Se former tout en travaillant, pas si simple...


Christine Regnault est coordinatrice marketing client final chez KLM, compagnie aérienne néerlandaise. En 2002, motivée par la volonté de parfaire sa maîtrise des arcanes marketing et de ne pas se complaire dans un parcours "linéaire", elle décide de s'engager dans une formation diplômante, tout en continuant de travailler. Sa hiérarchie soutient d'emblée son projet. Reste à trouver l'offre. Pas simple. Après avoir enquêté sur les différents établissements susceptibles de dispenser des cursus adaptés à l'exercice normal ou quasi normal d'une vie professionnelle pour un prix abordable « Les boîtes privées sont hors de prix », et devant la rareté des prétendants, elle penche pour l'ICSV, Institut commercial supérieur des arts et métiers. L'organisme rattaché au Conservatoire national des arts et métiers vient en effet d'intégrer un cursus de deux ans en "jours bloqués", soit à raison de six jours par mois. A la clé : une maîtrise en marketing.

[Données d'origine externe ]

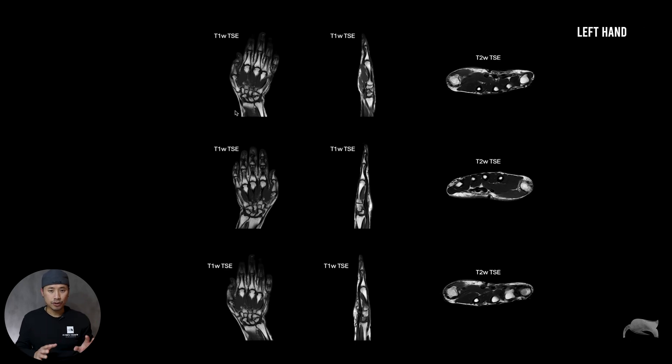This is the left hand. Usually whenever we look at human anatomy the hand is positioned like this — standing down. What I really want, from my perspective, is when taking the left hand I want to look straight into the palm, not at the back of the hand. I want to look into the palm like this, not like this.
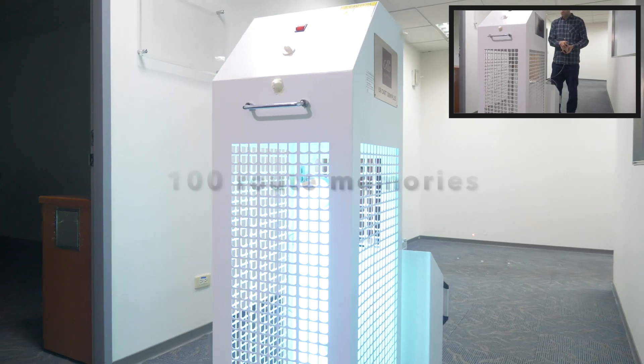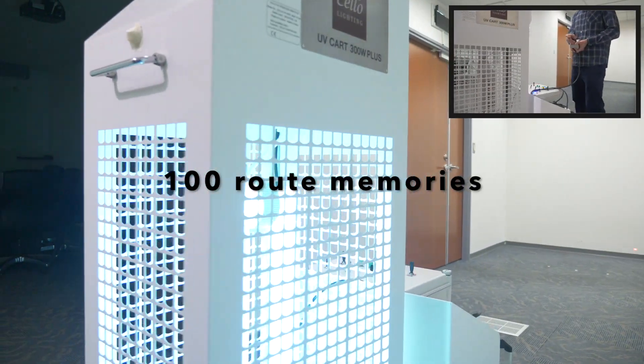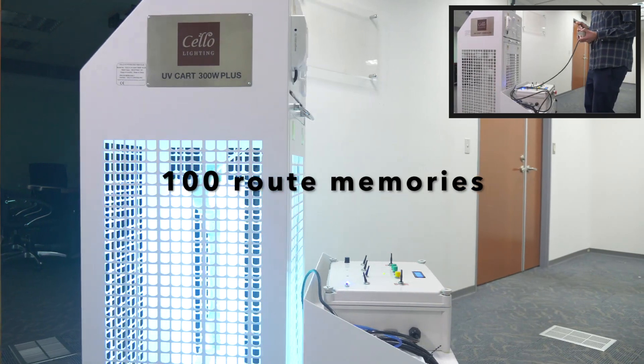In total, the Cello UVC robot can memorize up to 100 disinfection routes, with no limit on the length of each route.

La bonne réputation de l'institution et les tarifs raisonnables (1 981 euros par année) scelleront le choix. En prenant sur son temps personnel et professionnel, en accord avec son entreprise, Christine Regnault peut suivre sa formation, en maintenant son activité professionnelle. Et en comptant sur une bonne dizaine d'heures hebdomadaires de travail à la maison : économie, compta, droit, politique de distribution, statistique pour la première année, marketing pour la seconde. Avec un sentiment très positif sur les effets de la formation à ce jour : « Les bénéfices en termes de culture générale sont autant personnels que professionnels. »

La Cegos et ses "accélérateurs pédagogiques"


Pour transgresser l'indigeste couche napolitaine théorie/cas pratique et permettre à tout moment l'illustration par l'exemple, la Cegos a développé tout récemment le concept "d'accélérateurs pédagogiques", autrement dit de supports multimédias, conjuguant vidéo, le Web, jeux de sociétés susceptibles de faire le lien, très rapidement, avec la praticité de l'enseignement. Ne nous y trompons pas, on reste dans la démonstration, mais avec un souci de rupture et de respiration dans l'approche pédagogique. Et donc une meilleure efficacité, si l'on en croit la Cegos qui affirme avoir ainsi divisé par trois le temps du stage. Pour La Poste (stage d'une journée pour 750 personnes autour du marketing direct), la Cegos a créé un dispositif de 10 vidéos de trois minutes. « Les entreprises ne veulent plus de stages de trois jours. Cette approche nous a permis de leur proposer des sessions plus courtes », affirme Yvelise Lebon, directeur du pôle marketing, responsable de l'activité intra-entreprise.